I've had the same squares. and yes they ARE square according to their spec.

What I found though was that the 6" square rule never moved smoothly in the head - and I went to 3 different HD stores and tried out all the 6" models until I found the one that was the 'best' and still it wasn't as smooth as I would like - but it sure was square. the 12" for some reason is smoother. I guess the machining process for the 12" is better.

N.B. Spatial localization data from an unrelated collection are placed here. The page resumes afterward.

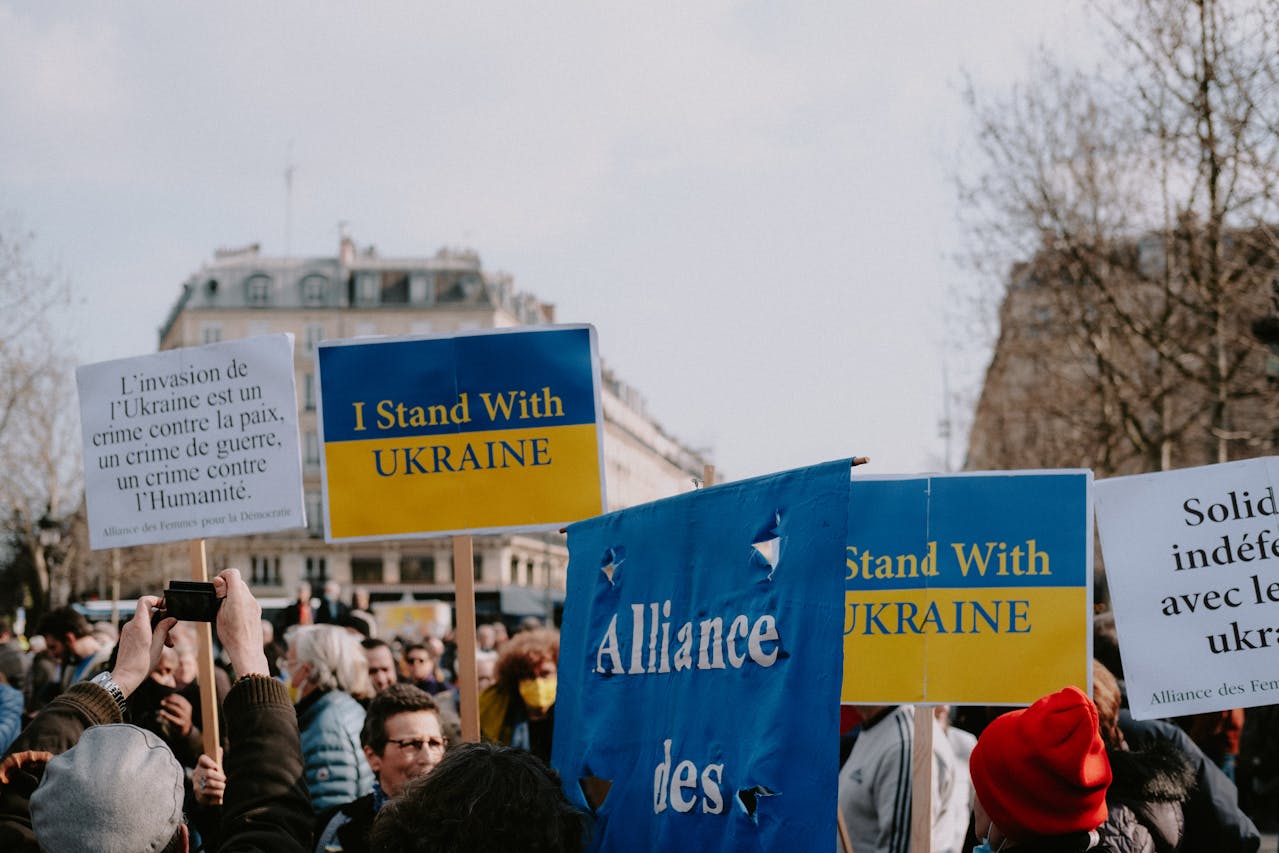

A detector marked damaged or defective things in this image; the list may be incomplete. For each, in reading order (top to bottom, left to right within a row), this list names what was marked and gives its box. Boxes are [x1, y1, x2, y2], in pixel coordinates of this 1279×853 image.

torn blue banner [552, 460, 844, 852]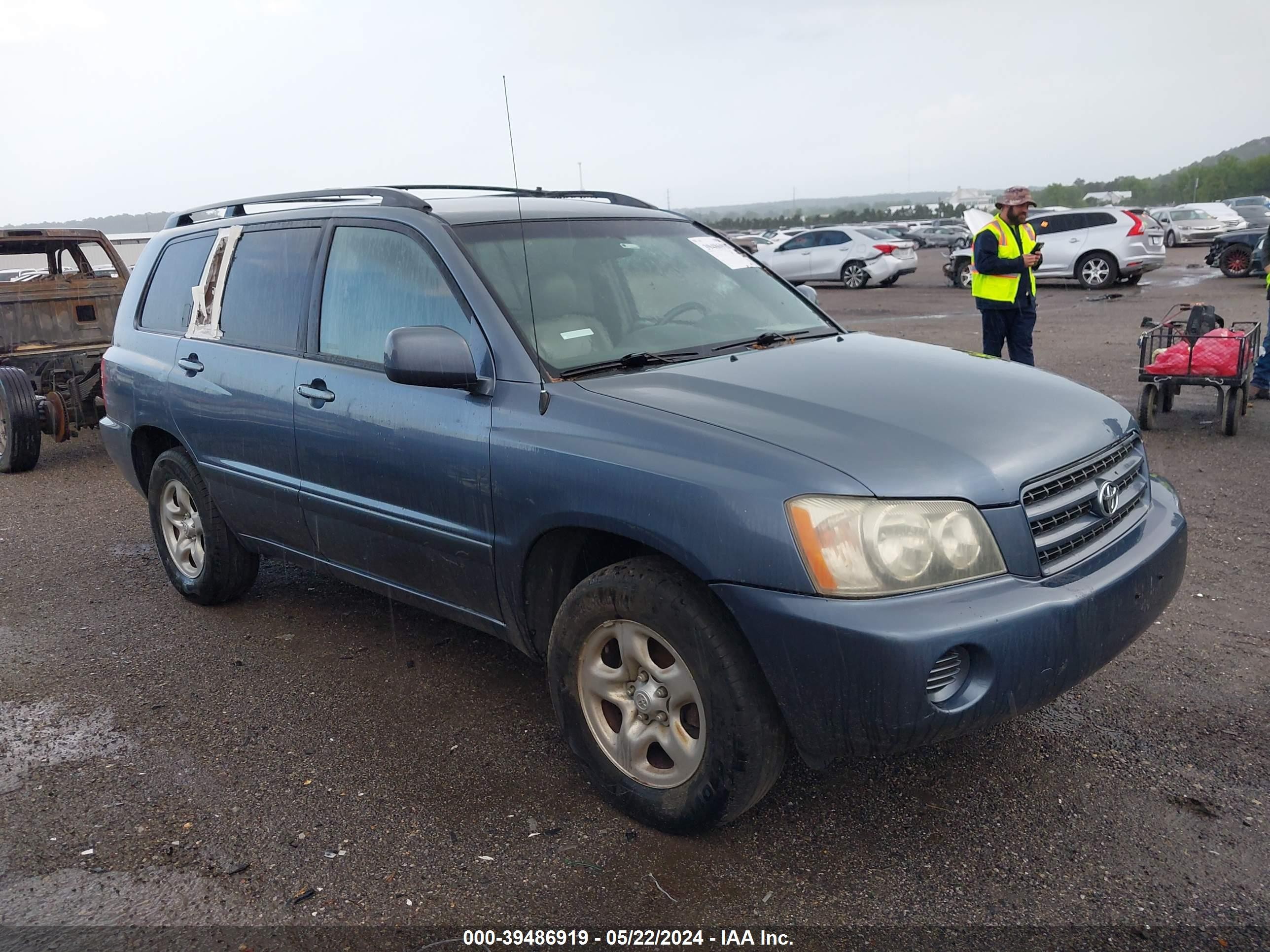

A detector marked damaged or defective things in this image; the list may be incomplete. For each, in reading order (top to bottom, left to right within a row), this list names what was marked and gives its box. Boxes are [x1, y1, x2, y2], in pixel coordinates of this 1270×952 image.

rusted truck frame [0, 227, 129, 475]
rusty wrecked truck [0, 227, 131, 475]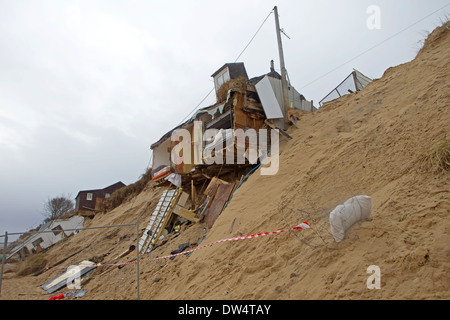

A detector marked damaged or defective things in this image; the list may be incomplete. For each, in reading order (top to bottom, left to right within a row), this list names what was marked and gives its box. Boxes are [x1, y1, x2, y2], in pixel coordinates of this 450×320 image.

damaged chalet [137, 61, 312, 254]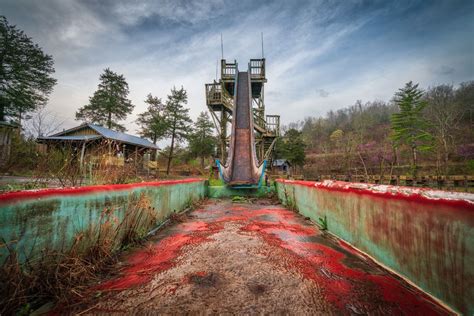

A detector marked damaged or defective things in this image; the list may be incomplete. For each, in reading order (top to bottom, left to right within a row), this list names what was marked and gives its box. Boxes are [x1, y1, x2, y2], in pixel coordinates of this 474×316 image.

rusty metal slide [218, 71, 266, 188]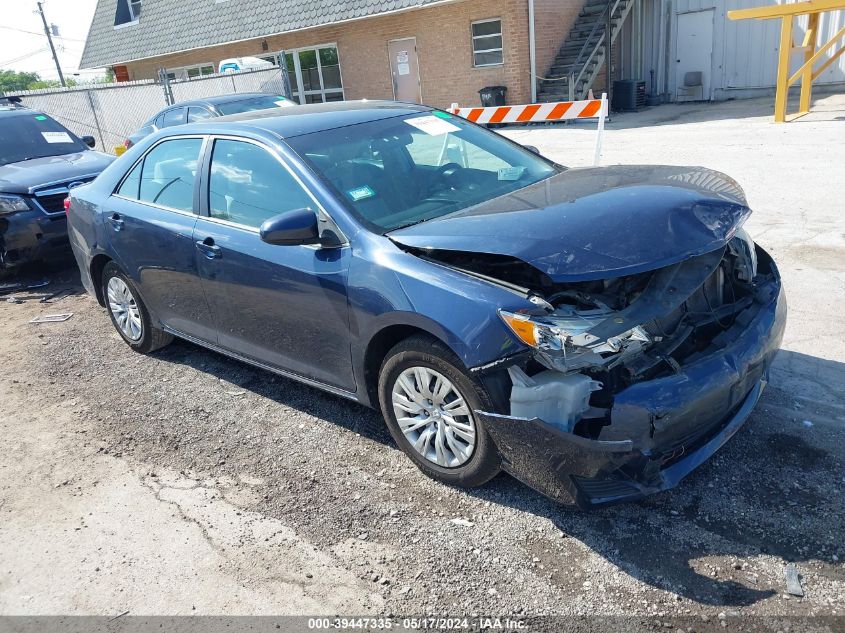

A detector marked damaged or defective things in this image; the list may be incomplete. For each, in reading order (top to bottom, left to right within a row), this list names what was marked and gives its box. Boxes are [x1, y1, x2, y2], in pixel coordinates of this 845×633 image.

crushed front bumper [0, 206, 69, 268]
crumpled hood [0, 151, 115, 195]
crumpled hood [390, 163, 752, 282]
damaged blue sedan [66, 103, 784, 508]
broken headlight [498, 306, 648, 370]
crushed front bumper [478, 254, 788, 506]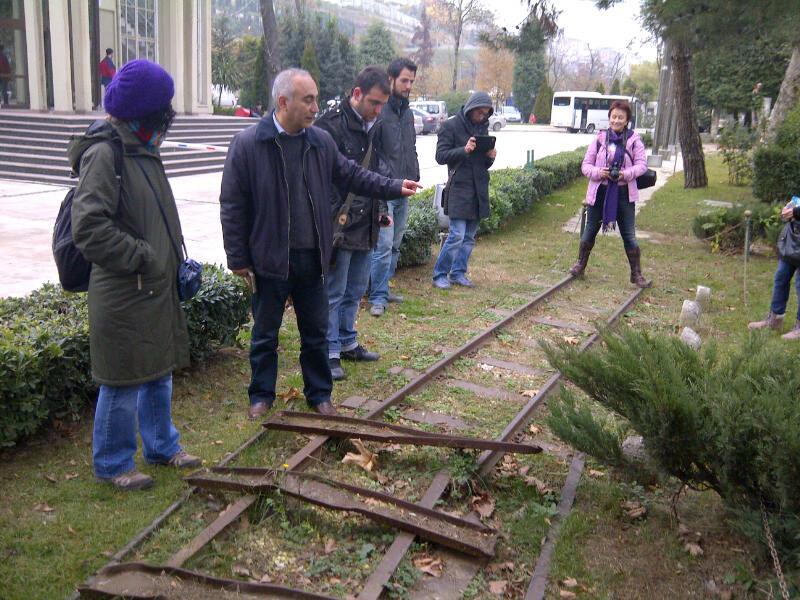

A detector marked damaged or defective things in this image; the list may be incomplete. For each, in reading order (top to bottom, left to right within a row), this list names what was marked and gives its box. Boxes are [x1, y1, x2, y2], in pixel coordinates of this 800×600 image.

rusty railway track [78, 274, 648, 600]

frustrating at times to set them to exact lengths because of the smoothness issue, but they are a great value squares.


----------



## CartersWhittling (Jan 29, 2011)

I also have the same 6" square and use it all the time and my friend has the 12". Though like PurpLev I have the same problem with the arm not running smoothly, it can be a little annoying, but still a good square. I believe those squares come in two different editions, the standard quality and Pro, the latter is what I have. I can not remember what the difference is besides price. I would give it a 4 out of 5.


----------



## Dwain (Nov 1, 2007)

Agreed with Carters. I have the six inch for several years now. It is my apron square. Works very well, stays square and is smooth to boot. I keep thinking I should get something better, but this is find for now. There are better things to spend money on I guess…


----------



## jimc (Mar 6, 2008)

I have the same two combination squares and they work very well. I also had a problem with smoothness of the 6" square. I sent an email to Empire and they sent me a replacement part (for the life of me, I can't remember what it was) and it fixed the problem. So you might want to drop an email to Empire explaining that it is not smooth and I suspect they will send you the part to fix it as they did with me.


----------